Bill Hillman's

Weekly Online Fanzine
Volume 077



Presents


INDIA'S
FAVOURITE
QUOTES
Quotations From The Master of Adventure
Part II
Compiled by
India B. Grow


Tarzan the Magnificent - A Strange Tale
I have seen the most beautiful woman in the world -- and the cruelest; and I even had the temerity to believe that I could bring her away with me, too; for I loved her.  I still love her, though I curse her in my sleep, so nearly one are love and hate, the two most powerful and devasting emotions that control man, nations, life -- so nearly one that they are separated by only a glance, a gesture, a syllable.  I hate her with my mind; I love her with my body and my soul. 
Bear with me if I anticipate.  For me she is the beginning and the end -- the beginning and the end of everything; but I'll try to be more coherent and more chronological.
Tarzan Invincible "Betrayed"
Love is a gift of the gods.  Sometimes it is awarded as a recompense; sometimes as a punishment.  For me it has been a punishment, perhaps, but I would not have it otherwise.  I had nurtured it in my breast since first I met you; and without that love, however hopeless it may be, I should not care to live.
Tarzan and the Ant Men, Chapter VIII
Man alone of all the creations of God is universally hated and feared and
not only by the lower orders but by his own kind, for of them all man alone joys in the death of others -- the great coward who, of all creation, fears death the most.
Tarzan the Magnificent "Out of the Past"

Not far to the south, at the edge of the dry plain, another man swings easily toward the north.  No sign of fatigue or exhaustion here.  The bronze skin glows with health, full muscles glide beneath it.  The free gait, the noiseless tread might be those of Sheeta, the panther; but there is no slinking here.  It is the carriage of one who knows neither doubt nor fear, of a lord in his own domain.
He is encumbered by but a single garment, a loin-cloth of doe-skin.  A coil of grass rope is looped over one shoulder, behind the other hangs a quiver of arrows; a scabbarded knife swings at his hip; a bow and short spear complete his equipment.  A shock of black hair falls in disorder above serene, gray eyes,  eyes that can reflect the light of a summer sea or the flashing steel of a rapier.
The Resurrection of Jimber-Jaw, Chapter 5
Of what good is a mate in your country?  They are no different from men.

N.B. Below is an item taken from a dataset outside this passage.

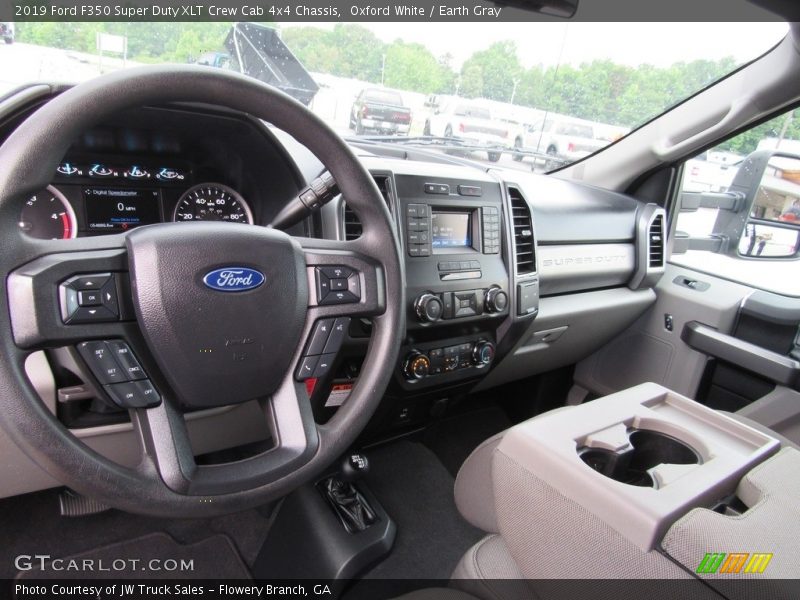Oxford White / Earth Gray 2019 Ford F350 Super Duty XLT Crew Cab 4x4 Chassis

The men smoke; the women smoke.  The men drink; the woman drink.  The men swear; the women swear.  They gamble -- they tell dirty stories -- they are out all night and cannot be fit to look after the caves and the children next day.  They are only good for one thing, otherwise they might as well be men.  One does not need to take a mate for what they can give -- not there.
The Return of Tarzan, Chapter XXII
Opar, the enchanted city of a dead and forgotten past.  The city of the beauties and the beasts.  City of horrors and death; but -- city of fabulous riches.
The Eternal Lover, Chapter 1, Part 1
She loves Nu now better than her very life, but if love is to walk at her side during a long life pride and respect must walk with it.
Tarzan and the Forbidden City [?]
The cruel, terrible, thousand-eyed thing that is a crowd.
The Son of Tarzan (Chapter XIV)
The jungle is my father and my mother.  It has been kinder to me than have me.  I am not afraid of the jungle.  Nor am I afraid of the leopard or the lion.  When my time comes I shall die.  It may be that a leopard or a lion shall killme, or it may be a tiny bug no bigger than the end of my littlest finger.  When the lion leaps upon me, or the little bug stings me I shall be afraid -- oh, then I shall be terribly afraid, I know; but life would be very miserable indeed were I to spend it in terror of the thing that has not yet happened.  If it be the lion my terror shall be short of life; but if it be the little bug I may suffer for days before I die.  And so I fear the lion least of all.  He is great and noisy.  I can hear him, or see him, or smell him in time to escape;
but any moment I may place a hand or foot on the little bug, and never know he is there until I feel his deadly sting.  No, I do not fear the jungle.  I love it.  I should rather die than leave it forever...

 
The Eternal Lover, Part II, Back to the Stone Age
...the more one listens to ordinary conversations the more apparent it becomes that the reasoning faculities of the brain take little part in the direction of the vocal organs.

 
Tarzan and the Jewels of Opar.  The Altar of the Flaming God
The voice seemed partly human, yet so hideous that it might well have emanated from the tortured through of a lost soul, writhing in the fires of Hell.